> Problem to work on
Please find the line that holds "Hache viking en" below and reproduce it, along with every line after it through the end, exactly and without pictures.

Brief descriptive captions
################
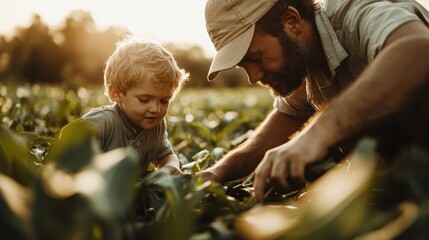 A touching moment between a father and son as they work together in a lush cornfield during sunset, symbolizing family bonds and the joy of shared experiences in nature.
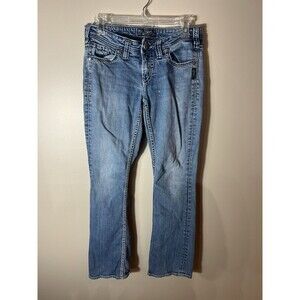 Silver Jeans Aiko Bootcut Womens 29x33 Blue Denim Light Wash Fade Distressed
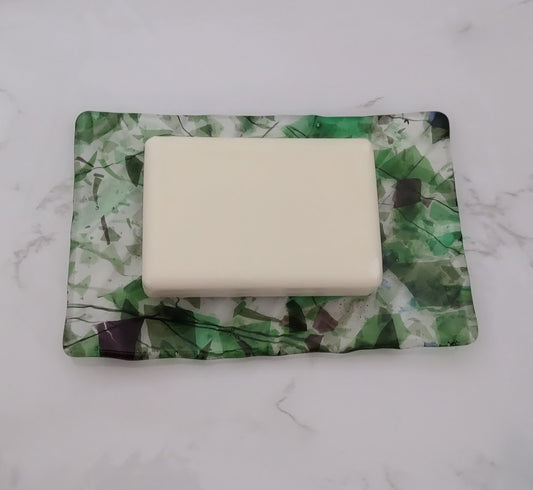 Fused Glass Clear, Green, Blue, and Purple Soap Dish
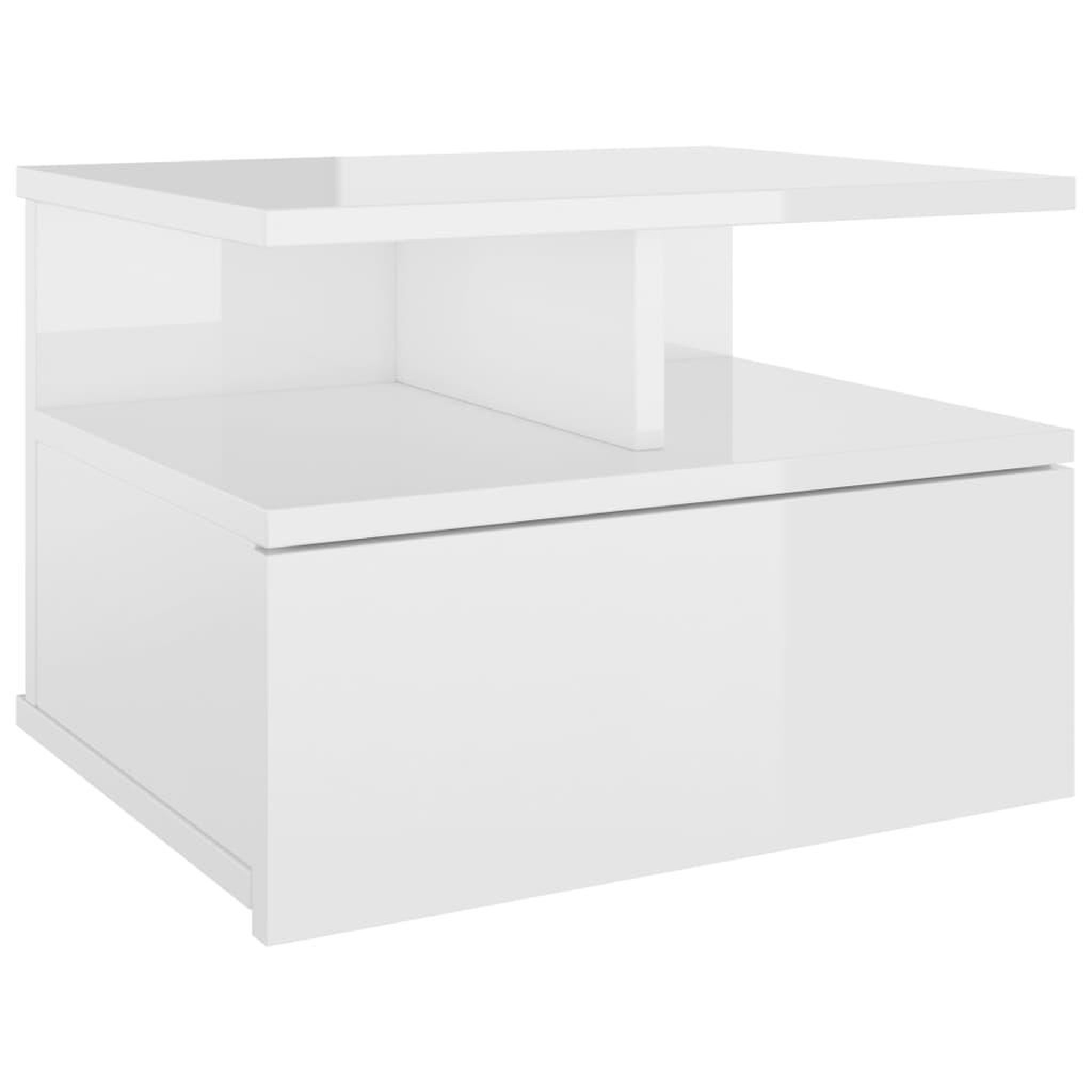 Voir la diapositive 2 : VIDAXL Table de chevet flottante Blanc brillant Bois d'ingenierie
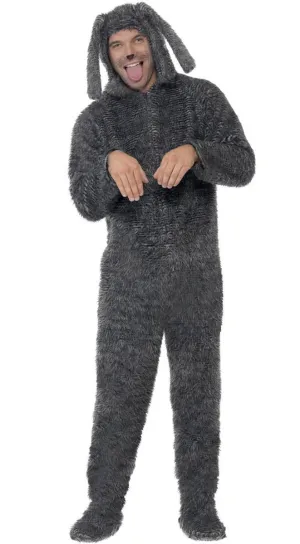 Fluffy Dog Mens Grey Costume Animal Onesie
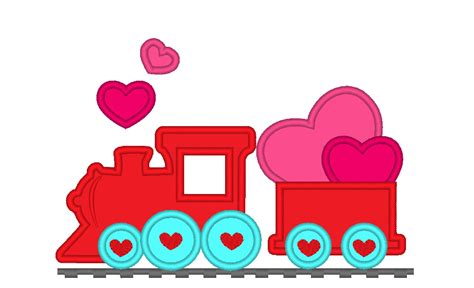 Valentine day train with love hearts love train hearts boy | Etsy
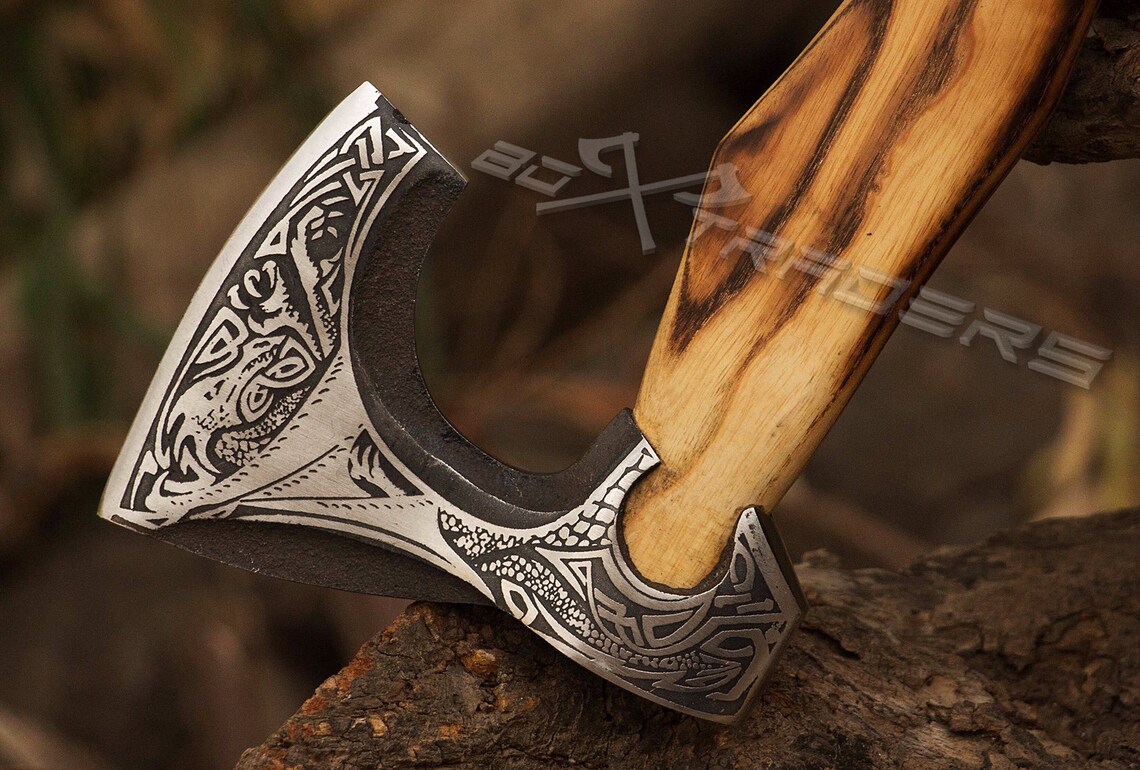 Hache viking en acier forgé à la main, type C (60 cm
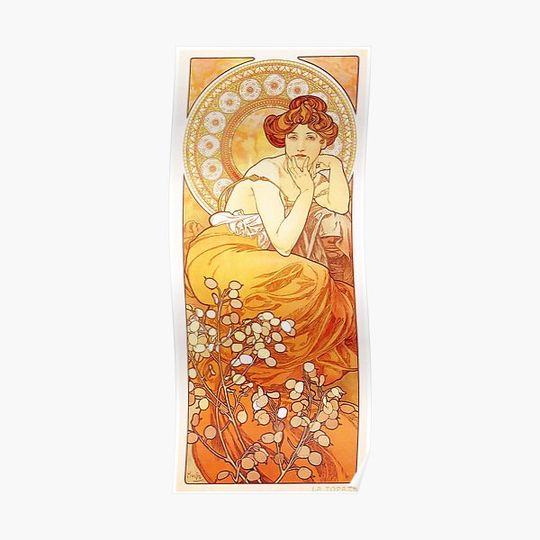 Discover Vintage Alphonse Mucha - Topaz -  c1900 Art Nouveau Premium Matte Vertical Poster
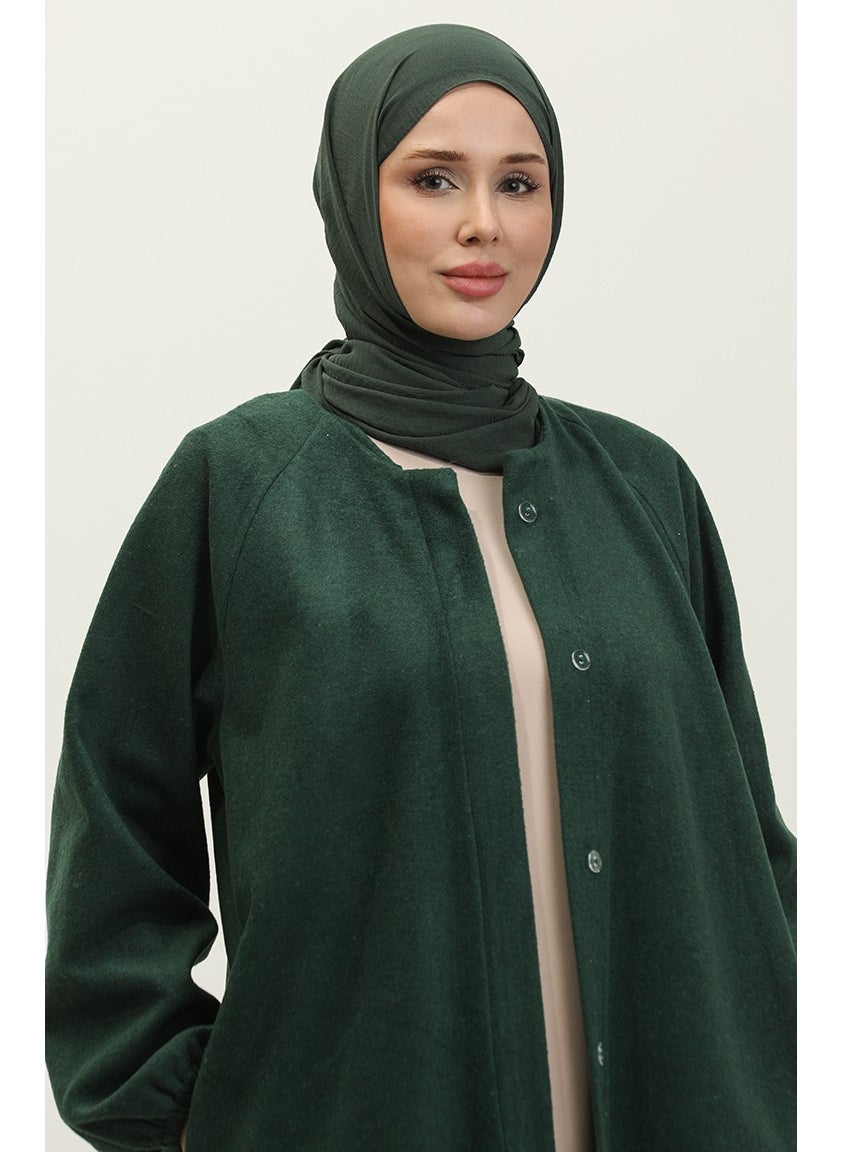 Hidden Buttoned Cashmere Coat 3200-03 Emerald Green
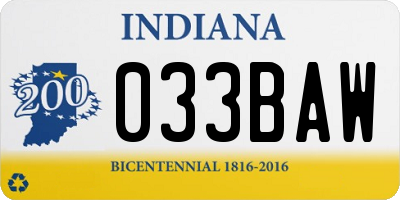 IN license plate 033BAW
################
> Exercise response
 Hache viking en acier forgé à la main, type C (60 cm
 Discover Vintage Alphonse Mucha - Topaz -  c1900 Art Nouveau Premium Matte Vertical Poster
 Hidden Buttoned Cashmere Coat 3200-03 Emerald Green
 IN license plate 033BAW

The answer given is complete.